**Task description:**
Set down, exactly as written, every line from the top of the records below to the line containing "Yoduro de Potasio", both ends included, and no others.

**Stored records:**
=== Section Start ===

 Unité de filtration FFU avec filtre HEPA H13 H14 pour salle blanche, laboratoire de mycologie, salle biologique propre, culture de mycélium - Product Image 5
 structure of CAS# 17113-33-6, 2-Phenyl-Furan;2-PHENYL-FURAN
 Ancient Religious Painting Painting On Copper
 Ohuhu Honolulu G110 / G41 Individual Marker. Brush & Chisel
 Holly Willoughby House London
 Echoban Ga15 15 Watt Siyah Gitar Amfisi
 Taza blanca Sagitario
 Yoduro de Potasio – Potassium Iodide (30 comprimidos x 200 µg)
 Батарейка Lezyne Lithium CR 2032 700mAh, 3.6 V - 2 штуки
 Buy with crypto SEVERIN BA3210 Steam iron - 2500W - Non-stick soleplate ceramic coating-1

=== Section End ===

**Written response:**
 Unité de filtration FFU avec filtre HEPA H13 H14 pour salle blanche, laboratoire de mycologie, salle biologique propre, culture de mycélium - Product Image 5
 structure of CAS# 17113-33-6, 2-Phenyl-Furan;2-PHENYL-FURAN
 Ancient Religious Painting Painting On Copper
 Ohuhu Honolulu G110 / G41 Individual Marker. Brush & Chisel
 Holly Willoughby House London
 Echoban Ga15 15 Watt Siyah Gitar Amfisi
 Taza blanca Sagitario
 Yoduro de Potasio – Potassium Iodide (30 comprimidos x 200 µg)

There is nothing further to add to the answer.